• _WORK TASK_
The lines to transcribe begin with the one containing "Şehit babası: Oğlumu" and end with the last line below; reproduce them exactly, without the pictures.

• _EXTRACTED MATERIAL_
== Segment start ==
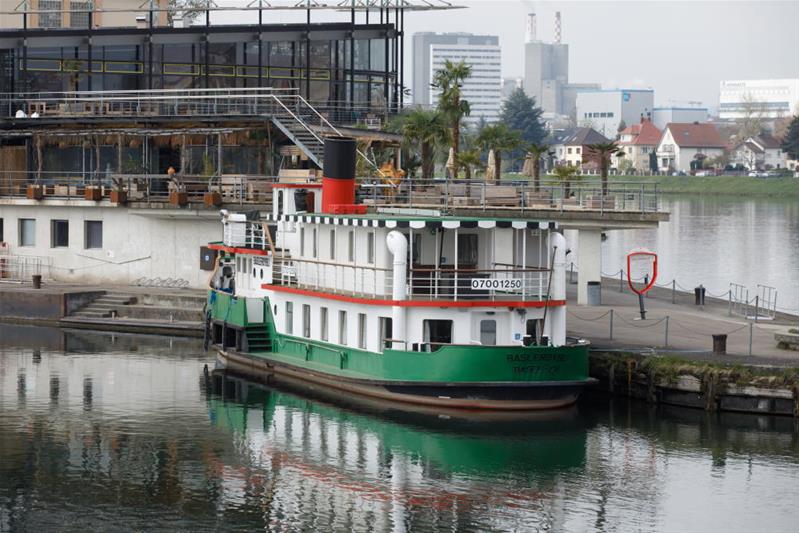 Un bateau est amarré sur une berge.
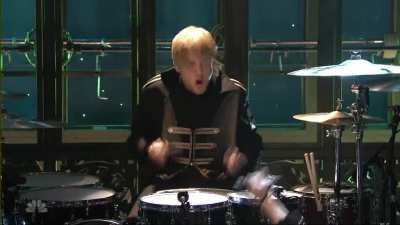 you guys liked cancer, here’s them playing welcome to the black parade (2007)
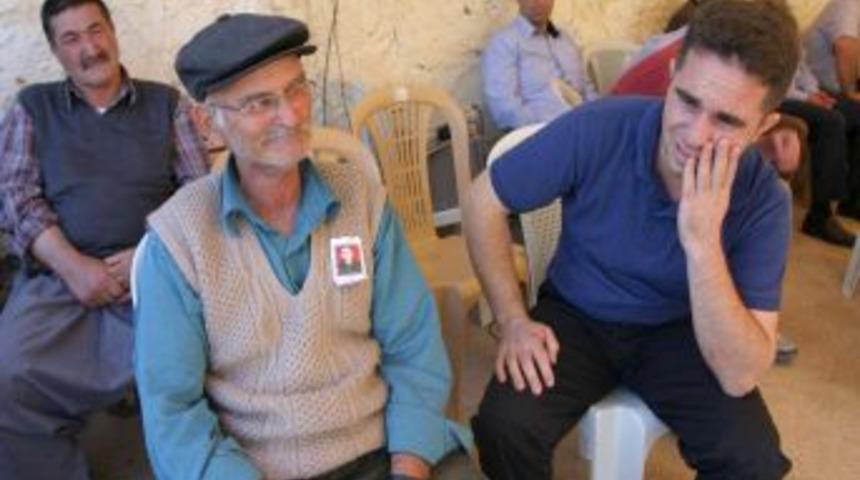 Şehit babası: Oğlumu soğan ekmekle b&uuml;y&uuml;tt&uuml;m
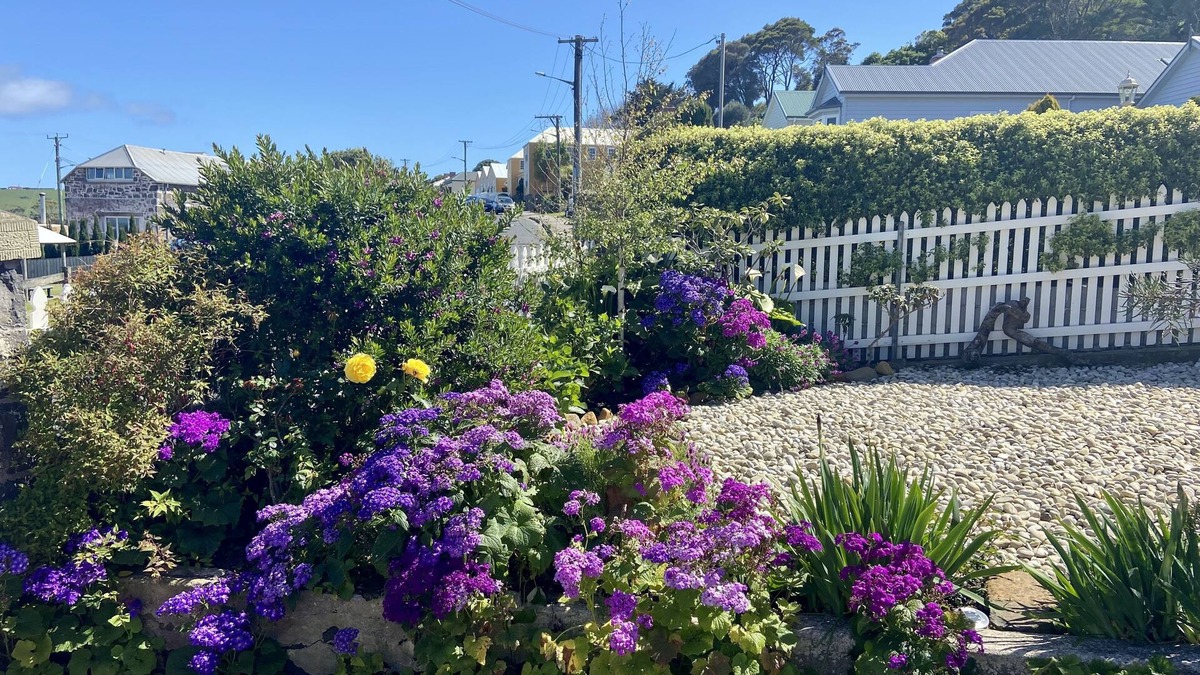 Stanley Bed & Breakfast | Poet's Cottage Stanley
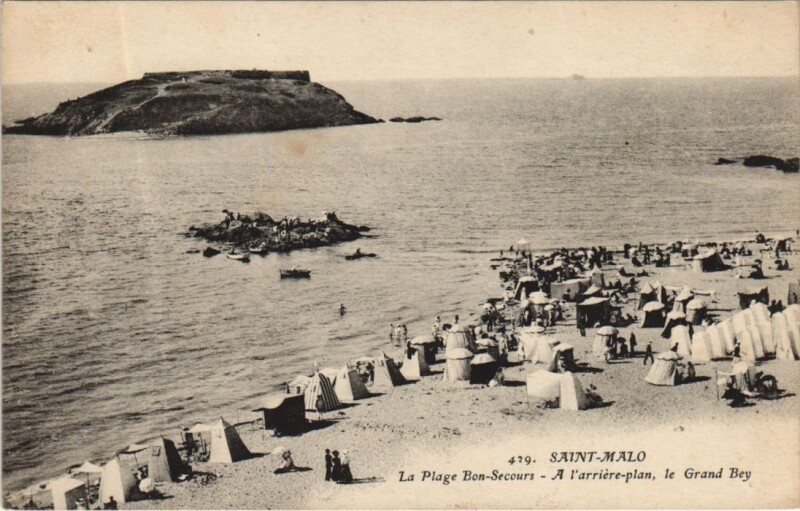 Carte postale ancienne Saint Malo La Plage Bon Secours à Saint-Malo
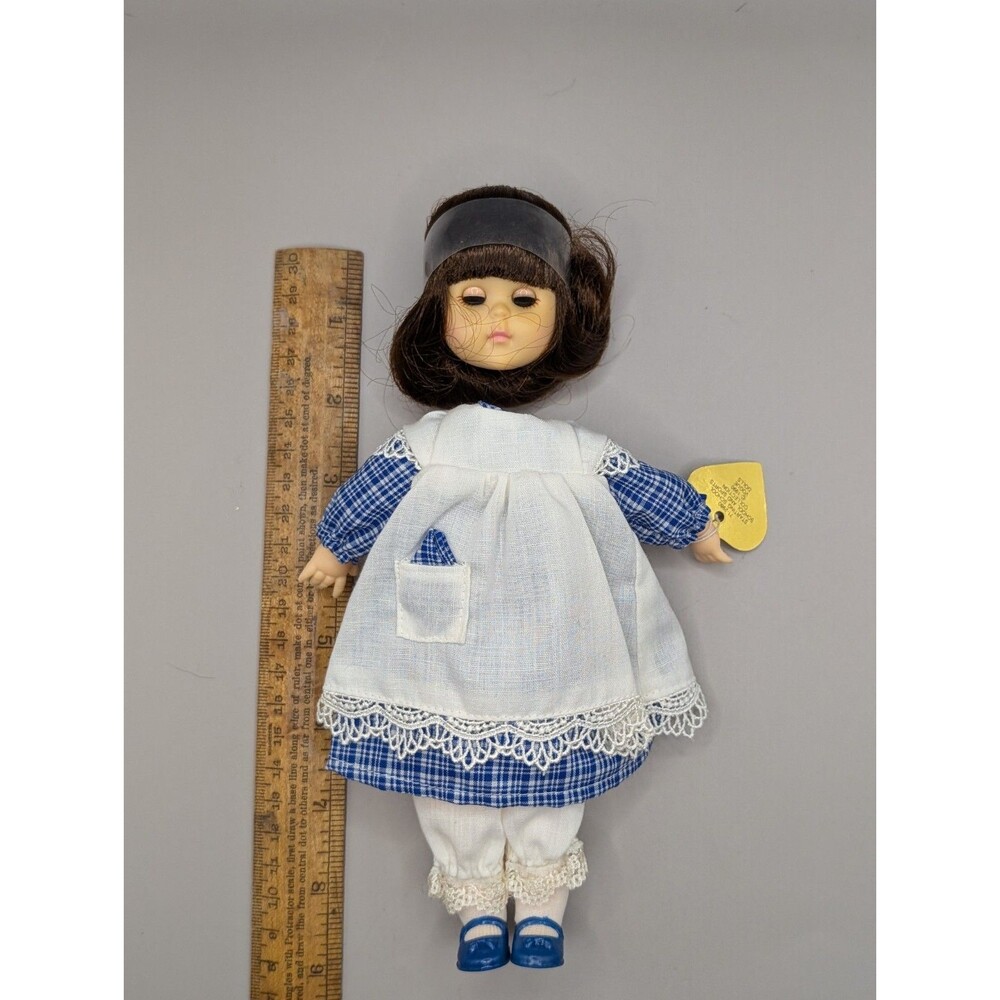 Vouge Ginny Vintage Doll Starting School, School And spots Collection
== Segment end ==
• _SOLUTION BELOW_
 Şehit babası: Oğlumu soğan ekmekle b&uuml;y&uuml;tt&uuml;m
 Stanley Bed & Breakfast | Poet's Cottage Stanley
 Carte postale ancienne Saint Malo La Plage Bon Secours à Saint-Malo
 Vouge Ginny Vintage Doll Starting School, School And spots Collection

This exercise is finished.